The documents were discovered by the Colombian army in a raid on FARC guerillas just across the border in Ecuador in March 2007, on a laptop belonging to FARC deputy commander Raul Reyes, who was killed in the melee.
In his new rhetorical offensive against Alvaro Uribe, Chávez tries to present the Colombian president as an isolated politician who no longer enjoys any meaningful international support. Much to Chávez’s delight, his position has been bolstered by the Democratic leadership in the U.S. Congress, which slapped Uribe in the face by scuttling the long‐planned free‐trade agreement with Colombia.
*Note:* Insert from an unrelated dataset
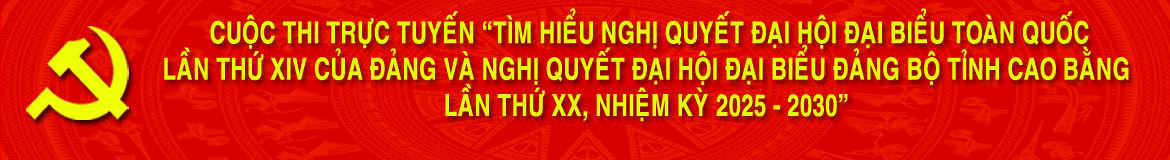 Banner Cuoc thi copy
On his weekly TV show Aló Presidente last Sunday, Chávez noted that the Uribe government has poor relations with its neighbors and with the Americans, “since they even rejected the FTA.”
Despite House Speaker Nancy Pelosi’s assurances to the contrary, this decision is a serious setback to President Uribe’s efforts to consolidate a liberal democracy in Colombia.
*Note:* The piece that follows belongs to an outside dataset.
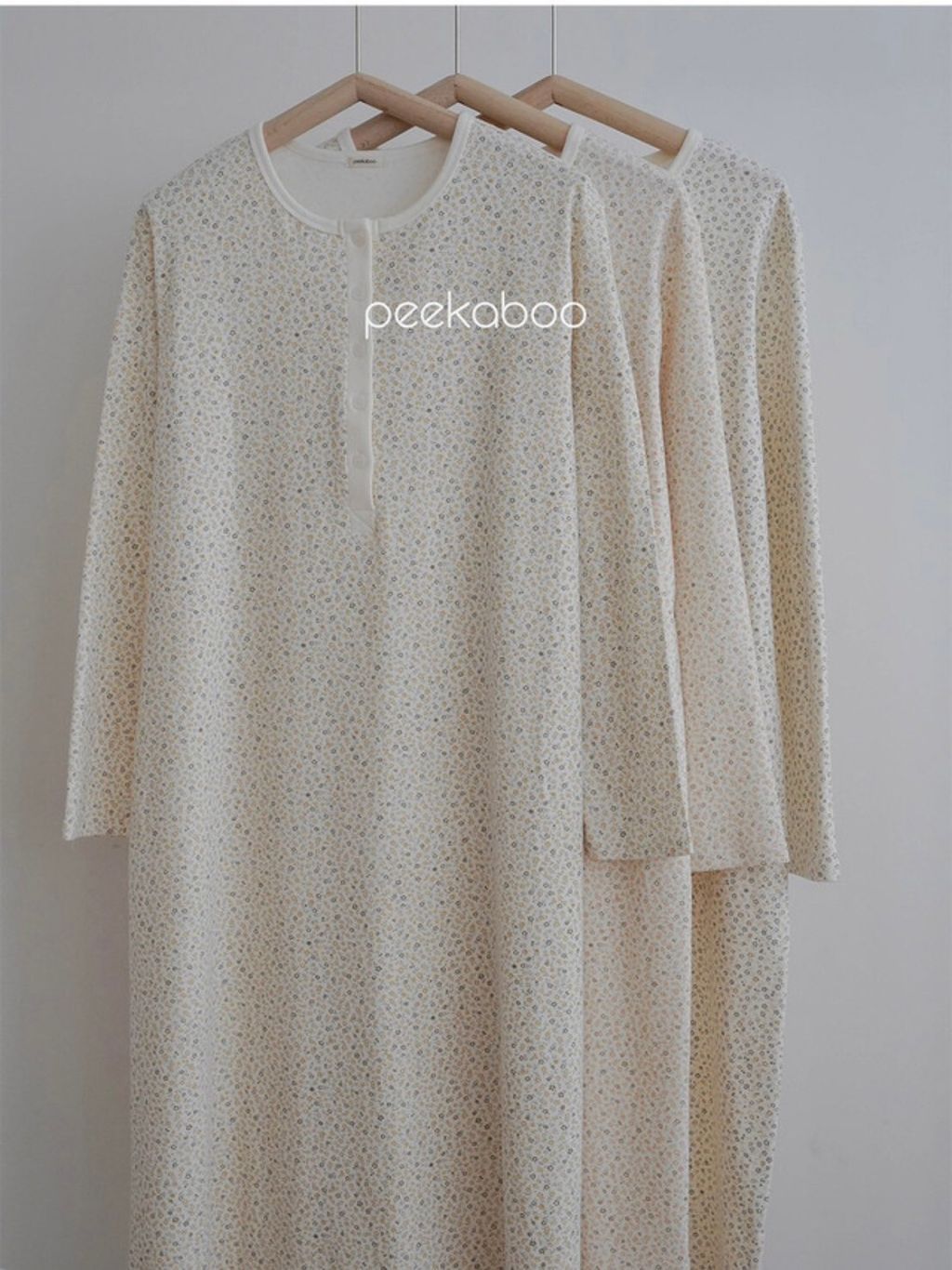 82240E45-9E35-4D42-8735-3B7BD0696555-1728374105379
Having Uribe right next door has always been a thorn in Chávez’s side. The relationship between the two leaders turned bitter last November over a failed mediation effort by the Venezuelan president to release dozens of hostages that the Colombian guerrilla groups have retained for more than five years. Both leaders exchanged recriminations, with Chávez branding Uribe “a sad pawn of the empire.”
The Colombian raid on the Ecuadorian side of the border last March made things even worse. Venezuela had become a safe haven for the FARC and other terrorist groups, and is rumored to have cultivated contacts with Hezbollah, the Iranian‐backed terrorist organization that killed almost 300 U.S. Marines in Beirut in 1983.